学問の暴力
後藤悠樹『サハリンを忘れない 日本人残留者たちの見果てぬ故郷、永い記憶』(DU BOOKS、2018年)は、戦後70年以上たったいまでもロシア・サハリンで暮らしている日本人(や朝鮮人)を取材した記録である。著者は写真家なので、たんなる記録ではなく、取材した人々と著者との出会いや交流の様子も、現地の人々の表情を写した写真とともに、生き生きと描いている。
こんなエピソードが印象に残った。
サハリンに住む「ユリ子」さん。夫の源二さんは、アイヌの血を引く人らしい。あるとき、突然家に5,6人の研究者一行がやってきた。少数民族について調べているとのことだった。以下、著者の記述。

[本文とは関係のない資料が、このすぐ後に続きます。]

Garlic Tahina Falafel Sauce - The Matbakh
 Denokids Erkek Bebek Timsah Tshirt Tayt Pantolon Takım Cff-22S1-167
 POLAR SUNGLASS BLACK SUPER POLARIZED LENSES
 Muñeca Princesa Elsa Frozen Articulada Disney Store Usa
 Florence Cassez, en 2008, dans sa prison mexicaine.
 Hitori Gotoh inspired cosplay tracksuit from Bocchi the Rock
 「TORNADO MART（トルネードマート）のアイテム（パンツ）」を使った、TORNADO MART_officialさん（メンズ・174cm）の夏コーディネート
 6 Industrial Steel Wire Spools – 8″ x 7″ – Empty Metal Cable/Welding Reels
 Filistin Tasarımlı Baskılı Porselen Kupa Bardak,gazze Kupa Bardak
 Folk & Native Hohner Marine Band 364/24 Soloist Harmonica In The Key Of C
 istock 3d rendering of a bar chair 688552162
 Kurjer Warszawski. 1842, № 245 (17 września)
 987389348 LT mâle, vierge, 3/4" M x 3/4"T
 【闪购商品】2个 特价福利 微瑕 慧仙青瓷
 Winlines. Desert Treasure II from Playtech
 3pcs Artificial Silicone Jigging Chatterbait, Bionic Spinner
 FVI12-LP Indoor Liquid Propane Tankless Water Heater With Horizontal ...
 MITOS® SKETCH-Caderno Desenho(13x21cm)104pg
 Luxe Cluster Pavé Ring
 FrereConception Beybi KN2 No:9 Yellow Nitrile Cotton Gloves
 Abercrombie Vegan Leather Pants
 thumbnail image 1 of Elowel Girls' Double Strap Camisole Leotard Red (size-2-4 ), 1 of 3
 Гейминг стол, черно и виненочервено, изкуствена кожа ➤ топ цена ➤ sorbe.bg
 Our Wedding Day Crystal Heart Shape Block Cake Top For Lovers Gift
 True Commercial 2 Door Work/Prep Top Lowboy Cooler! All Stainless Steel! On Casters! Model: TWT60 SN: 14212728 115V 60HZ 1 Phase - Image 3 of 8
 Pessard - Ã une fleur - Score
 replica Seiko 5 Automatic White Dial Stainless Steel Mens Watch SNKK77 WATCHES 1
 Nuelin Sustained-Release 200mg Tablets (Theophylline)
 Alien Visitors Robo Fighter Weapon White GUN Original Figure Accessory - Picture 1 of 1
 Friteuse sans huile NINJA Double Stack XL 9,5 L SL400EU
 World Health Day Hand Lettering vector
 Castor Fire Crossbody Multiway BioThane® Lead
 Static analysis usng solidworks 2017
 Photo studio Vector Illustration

「彼らは到着するなり挨拶もそこそこ、源二さんの周りを取り囲みフラッシュをたいて写真をバシャバシャと撮り始めた。データを取るために真正面、右向き、そして左向きというように、何もわからない源二さんは椅子に座ってフラッシュを浴びていた。そのうちにひとりがドラマでよく見るような青いビニール手袋をパチッとはめて、DNAの採取キットの準備に取り掛かり、またある者は勝手に会話の内容を録音し始めた。そしてまたある者は私たちが見せてもらっていた写真も勝手にカメラに収めるとそれを散らかしたままほかの作業に没頭していった。(中略)
手袋をはめた若い研究者に何のための研究なのかを尋ねると、
「非常に重要な研究です。科学と将来の人類のための研究です」
マーシャ(注:通訳)は伏し目がちに仕事用の口調で、人形のようにそう訳した。
一団はひとしきりデータを取り、ユリ子さんに出された食事を終えると、しばらくして帰って行った。文字通り嵐のような数時間で、源二さんは疲れ果て隣の部屋でひとりになっていた。(後略)」
「科学と将来の人類のための研究」と称して、ひとりの人間の人権を蹂躙する。この文章は、そのときの様子を冷静かつ克明に描いている。これだけで十分に伝わる描写である。
学問の暴力、という言葉を思い出した。そのことに無自覚だと、やがて学問は味方を失う。